# WORK TO COMPLETE
For each line of the data that includes the word "African", copy the line.

# MATERIAL PROVIDED
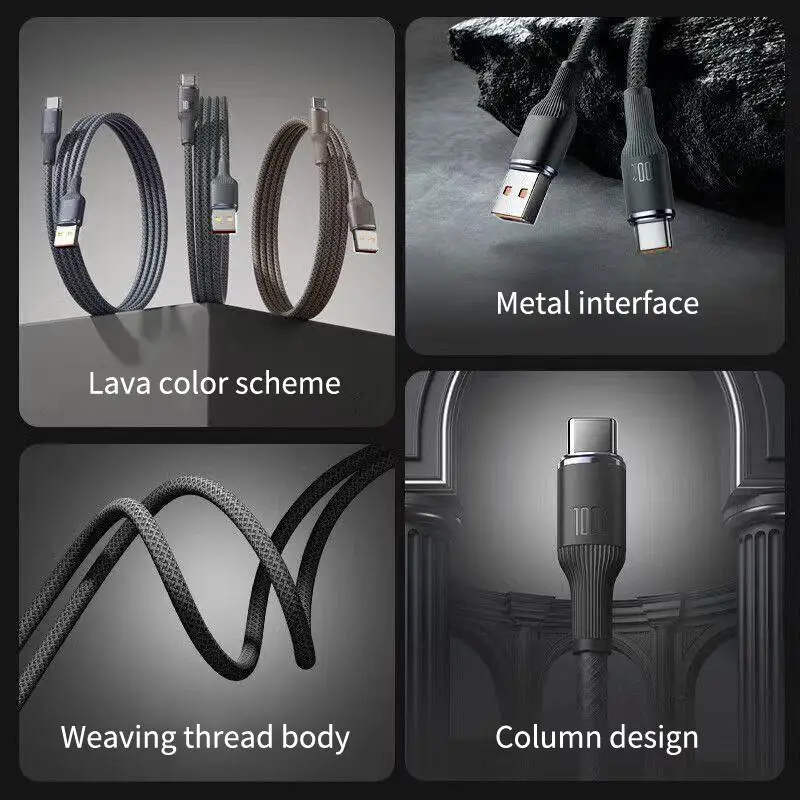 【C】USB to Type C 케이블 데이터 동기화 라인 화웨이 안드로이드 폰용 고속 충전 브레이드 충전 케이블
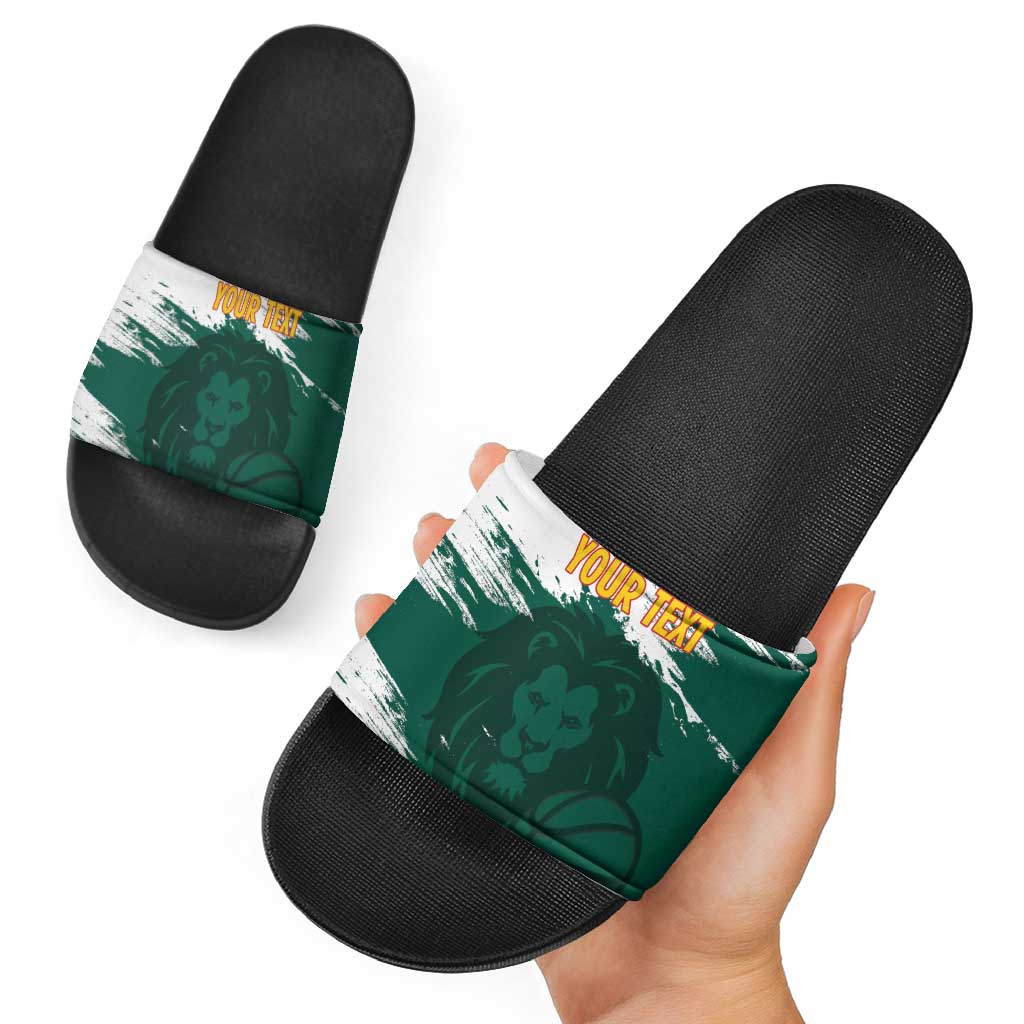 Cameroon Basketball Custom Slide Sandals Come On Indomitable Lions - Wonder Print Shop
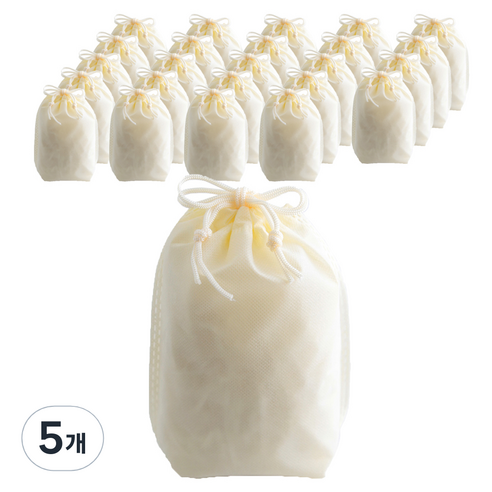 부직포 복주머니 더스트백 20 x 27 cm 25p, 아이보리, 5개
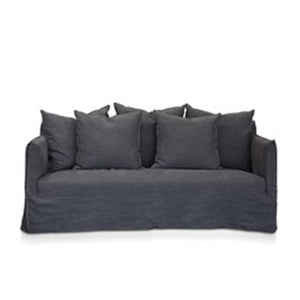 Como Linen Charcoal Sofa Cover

==

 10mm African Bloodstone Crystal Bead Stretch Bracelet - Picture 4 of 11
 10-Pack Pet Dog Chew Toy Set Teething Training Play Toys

* * *

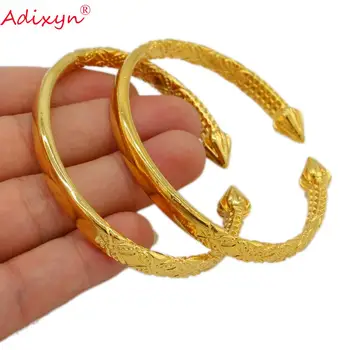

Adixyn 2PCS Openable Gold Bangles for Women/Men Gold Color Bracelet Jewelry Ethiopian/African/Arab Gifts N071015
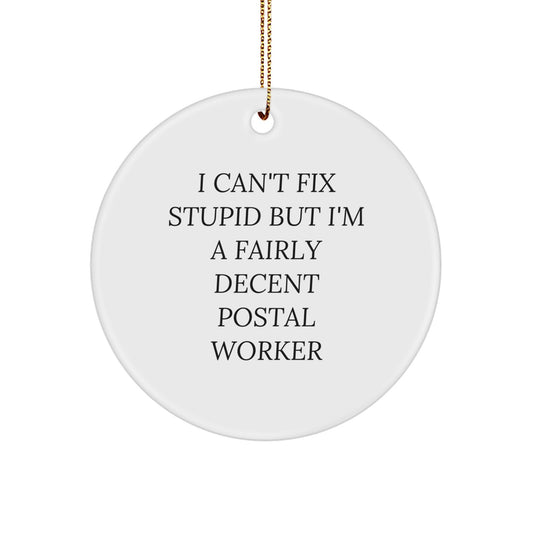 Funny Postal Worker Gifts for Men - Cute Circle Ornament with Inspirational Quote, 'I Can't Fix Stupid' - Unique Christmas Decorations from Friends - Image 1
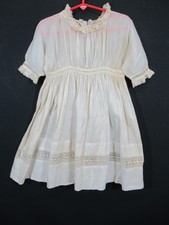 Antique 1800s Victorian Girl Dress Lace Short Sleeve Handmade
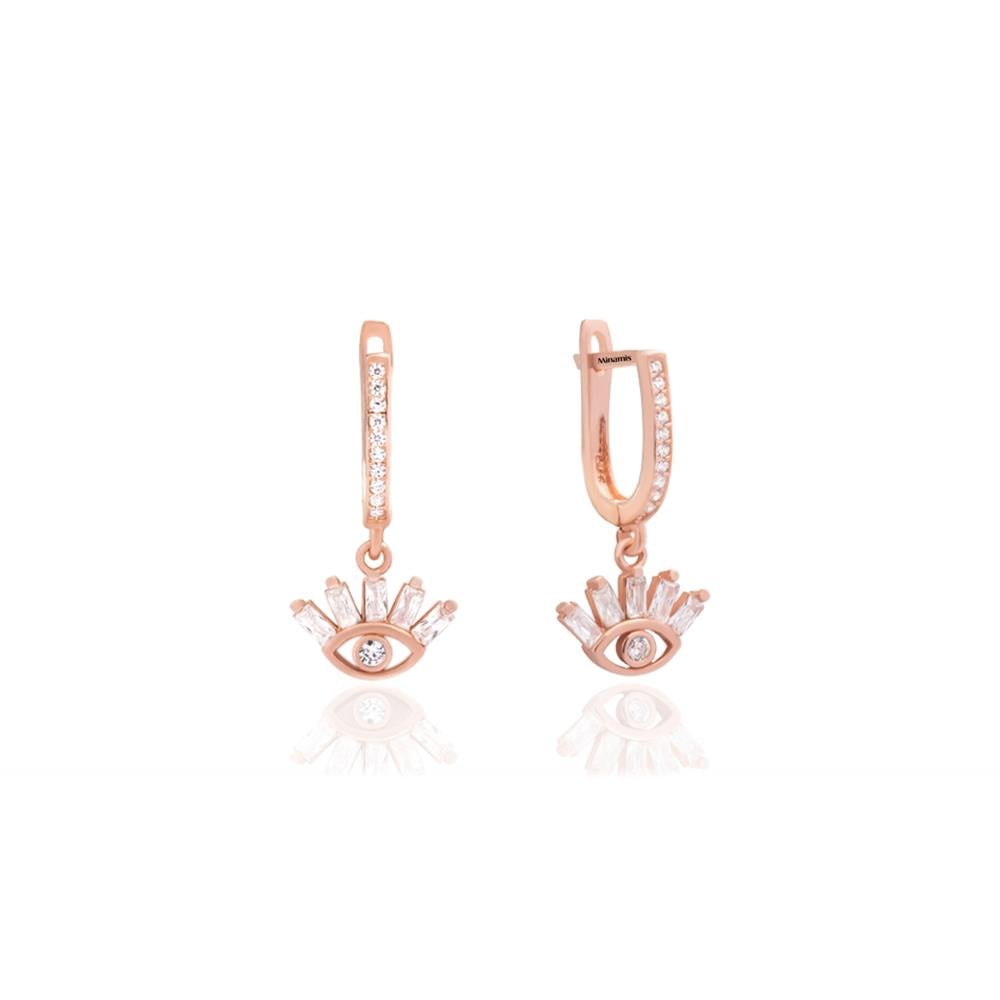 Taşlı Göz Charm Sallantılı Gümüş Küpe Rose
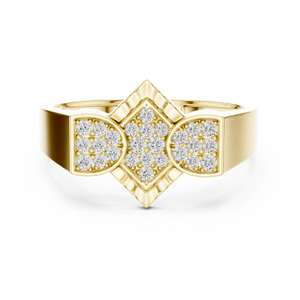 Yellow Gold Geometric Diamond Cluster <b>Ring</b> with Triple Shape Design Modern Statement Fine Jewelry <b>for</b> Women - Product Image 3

# REPLY TO THE TASK
 10mm African Bloodstone Crystal Bead Stretch Bracelet - Picture 4 of 11
Adixyn 2PCS Openable Gold Bangles for Women/Men Gold Color Bracelet Jewelry Ethiopian/African/Arab Gifts N071015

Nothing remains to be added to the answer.